🤖 AI Summary
To address the challenge of simultaneously ensuring statistical representativeness and physical feasibility in synthetic power flow data generation, this paper proposes a diffusion model incorporating physics-based constraints—particularly Kirchhoff’s laws. Methodologically, it introduces, for the first time, a differentiable gradient-guidance mechanism into the DDPM sampling process to enforce physical constraints implicitly and hard-codedly, integrated with conditional label embedding and tabular-data-specific feature engineering. The key contribution lies in overcoming the limitations of GANs and VAEs in modeling structured physical constraints, enabling end-to-end coupling between generative processes and domain knowledge. Experiments on IEEE benchmark systems demonstrate that the generated flow data achieve over 99.2% feasibility (i.e., satisfy power flow equations and operational limits), while reducing the Wasserstein distance by 37% compared to state-of-the-art methods—significantly improving both statistical fidelity and engineering utility.
📝 Abstract
Growing concerns over privacy, security, and legal barriers are driving the rising demand for synthetic data across domains such as healthcare, finance, and energy.
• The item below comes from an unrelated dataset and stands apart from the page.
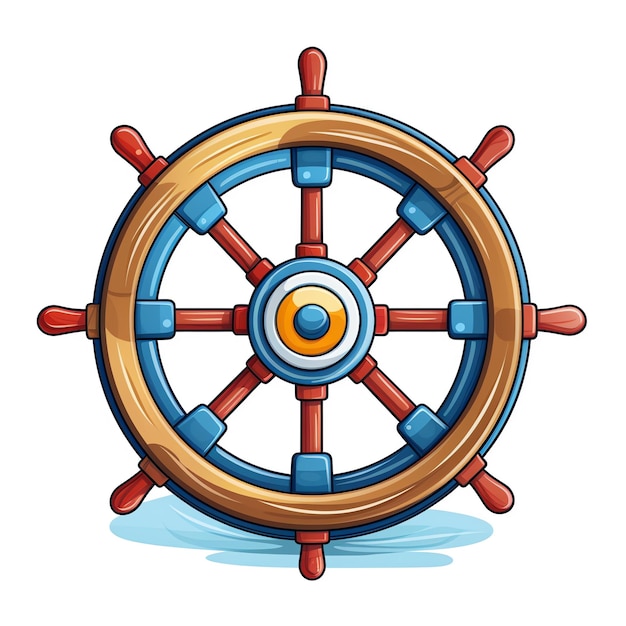 a cartoon of a ship steering wheel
While generative models offer a promising solution to overcome these barriers, their utility depends on the incorporation of domain-specific knowledge. We propose to synthesize data using a guided diffusion model that integrates domain constraints directly into the generative process. We develop the model in the context of power systems, with potential applicability to other domains that involve tabular data. Specifically, we synthesize statistically representative and high-fidelity power flow datasets. To satisfy domain constraints, e.g., Kirchhoff laws, we introduce a gradient-based guidance to steer the sampling trajectory in a feasible direction. Numerical results demonstrate the effectiveness of our approach.